→ DATA PROVIDED:
Segment Open

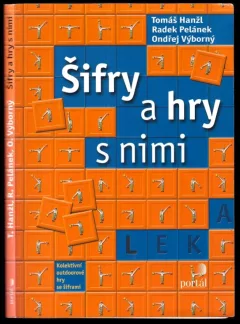Šifry a hry s nimi
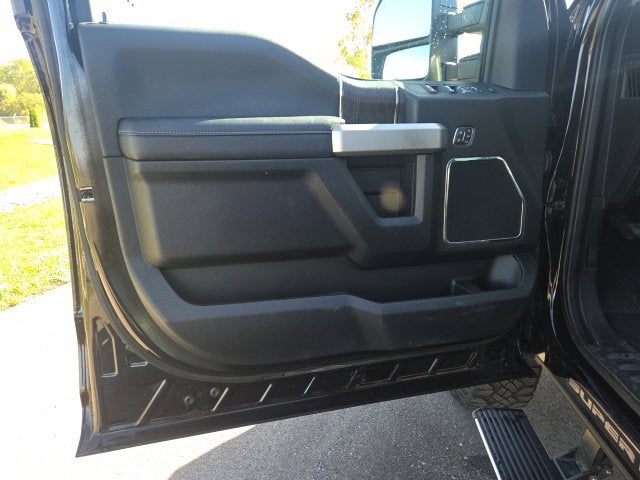 2020 Ford F-350 Lariat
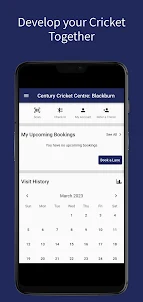 Century Cricket Centres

Segment Closed

→ WHAT THE TASK ASKS: Copy the entire listing exactly but skip the pictures.

→ COMPLETED EXERCISE:
Šifry a hry s nimi
 2020 Ford F-350 Lariat
 Century Cricket Centres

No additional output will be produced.